Refatullah and Mohammad Ali got the proceeding stayed on May 9, 2018 and December 12, 2018 while the rest stay orders had already been withdrawn, the prosecutor said.

He said that the attorney general had been requested to take steps to get the stay order withdrawn to pave the way for the trial.

Attorney general Mahbubey Alam, however, said that the public prosecutors did not inform him about the stay orders.

‘If the PP persuades me, I will try to vacate the barriers,’ he said.

Bangladesh Shrama Institute trustee board chairman Shah Atiul Islam said that the failure in ensuring justice for the victims of the worst industrial disaster in the country had become a ‘national disgrace’.

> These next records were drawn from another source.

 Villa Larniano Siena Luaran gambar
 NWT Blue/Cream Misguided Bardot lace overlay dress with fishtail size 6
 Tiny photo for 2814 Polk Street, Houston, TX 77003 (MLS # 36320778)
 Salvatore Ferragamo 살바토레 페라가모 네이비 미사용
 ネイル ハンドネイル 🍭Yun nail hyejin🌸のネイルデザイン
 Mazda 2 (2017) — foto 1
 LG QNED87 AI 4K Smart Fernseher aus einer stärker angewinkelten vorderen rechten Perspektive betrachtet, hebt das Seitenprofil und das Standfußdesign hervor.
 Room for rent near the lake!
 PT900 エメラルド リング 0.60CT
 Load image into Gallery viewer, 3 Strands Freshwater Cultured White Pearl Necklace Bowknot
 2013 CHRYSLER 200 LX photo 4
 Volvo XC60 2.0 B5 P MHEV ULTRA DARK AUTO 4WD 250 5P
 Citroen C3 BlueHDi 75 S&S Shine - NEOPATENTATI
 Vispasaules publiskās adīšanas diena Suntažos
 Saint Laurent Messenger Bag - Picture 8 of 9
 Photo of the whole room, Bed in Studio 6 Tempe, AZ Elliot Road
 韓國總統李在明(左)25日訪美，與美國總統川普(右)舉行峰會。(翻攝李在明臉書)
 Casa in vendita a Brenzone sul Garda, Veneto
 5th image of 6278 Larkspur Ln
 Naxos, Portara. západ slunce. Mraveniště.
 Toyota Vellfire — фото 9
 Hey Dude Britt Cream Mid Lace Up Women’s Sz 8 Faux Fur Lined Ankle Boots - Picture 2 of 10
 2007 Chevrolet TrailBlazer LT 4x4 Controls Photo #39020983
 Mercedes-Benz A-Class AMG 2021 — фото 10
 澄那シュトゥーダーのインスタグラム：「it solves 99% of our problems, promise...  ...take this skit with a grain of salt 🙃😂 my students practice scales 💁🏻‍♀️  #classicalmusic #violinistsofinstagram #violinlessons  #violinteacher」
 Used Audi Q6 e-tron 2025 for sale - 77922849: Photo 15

Bangladesh Garment Workers’ Solidarity president Taslima Akhter at an online press conference placed seven-point demand, including speedy trial of the accused and their exemplary punishment, declaration of April 24 as a morning day and holiday for garment workers.

Workplace safety for workers came forward and the brands and buyers were forced to contribute in Rana Plaza Claim Administration after the disaster.

Garment Shramik Karmachari Oikkya Parishad in a statement demanded amendment to labour law to install compensation on the basis of the loss of earnings of a worker.

Victims Mahmudul Hasan Ridoy, Nasir, Nilufa, Pakhi and Roksana urged the government to ensure exemplary punishment of the accused, who brought untold sufferings for them.

Bangladesh is the second highest RMG exporter in the global market and the major export destinations are the US, the UK, Germany, Belgium, Denmark, France, Italy, the Netherlands, Poland, Spain and Canada.

More than four million workers, mostly female, work for at least 4,000 garment factories located at several industrial belts across Bangladesh.